There’s no “Interrogation” this episode. Nothing based on a recording or a transcript, just one hundred percent dramatization. “Interrogation” is like a true crime show only with recognizable (if not better) actors and no interviews with the actual people. It’s an exemplar of how not to do a show like “Interrogation.”
This episode jumps all over—well, not all over, it jumps ahead. The show—in its parts—is extremely linear. Would it play better linear? Eh. It’s comprehensible in its fractured state, which it wouldn’t be if it were actually fractured but whatever. Fixing “Interrogation” seems like a waste of time. Kind of like how the show treats Peter Sarsgaard’s top-billed “only dirty this one time” cop. This episode continues his decline, his family leaving him, his retired cop dad (Michael Harney, who’s all right) being mean to him. No one wants to spend time with Sarsgaard; he’s a time suck.
So the episode starts in 1993 with Kyle Gallner’s parole getting denied. It’s denied for multiple reasons, but also contributing is Sarsgaard lying in a letter to the parole board. Gallner’s hopes and dreams are dashed except when David Strathairn dies, he leaves Gallner the money to hire a new P.I. Fast forward to 1996, he hires celebrity P.I. Andre Royo. It’s nice to see Royo, but he’s just phoning it in. It’s shocking how little Royo gets to do, especially considering his character’s name is in the title this episode.
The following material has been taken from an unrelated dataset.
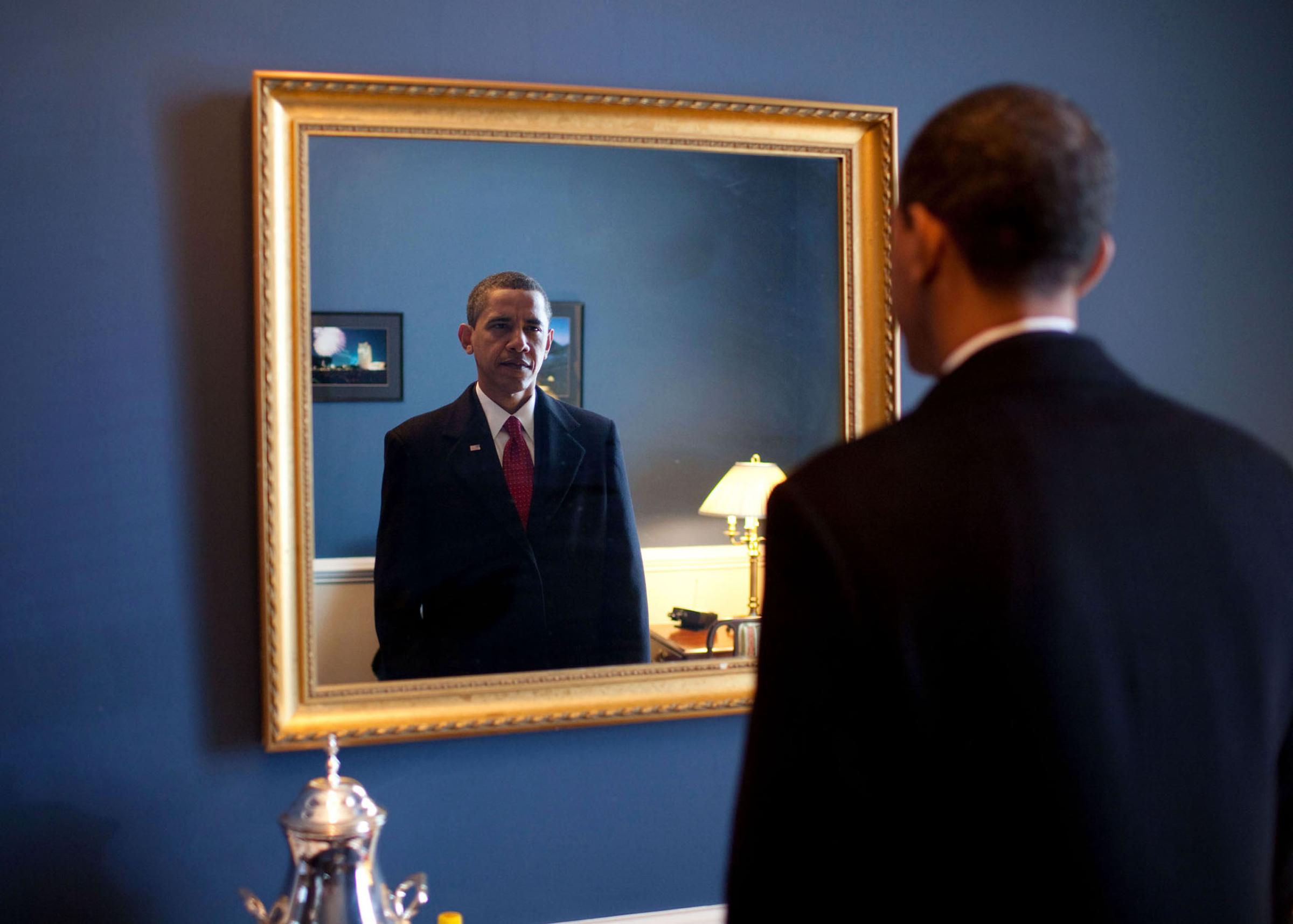 Jan. 20, 2009 “President-elect Barack Obama was about to walk out to take the oath of office. Backstage at the U.S. Capitol, he took one last look at his appearance in the mirror.”(Official White House photo by Pete Souza)This official White House photograph is being made available only for publication by news organizations and/or for personal use printing by the subject(s) of the photograph. The photograph may not be manipulated in any way and may not be used in commercial or political materials, advertisements, emails, products, promotions that in any way suggests approval or endorsement of the President, the First Family, or the White House.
Then it jumps ahead a final time to 2003 when Royo gets Vincent D’Onofrio involved. D’Onofrio’s an Internal Affairs cop; Royo and Gallner can prove Sarsgaard perjured himself.
I’d been waiting for a good Royo episode and instead he’s just a bland P.I. with lacking chemistry opposite Gallner; to be fair, Gallner’s a chemistry suck with everything, but still. Chad L. Coleman is back for a little bit too. Of the two “Wire” castings, I suppose Coleman’s is more of a waste. Who knows… if Gallner were better, it’d be a much different show.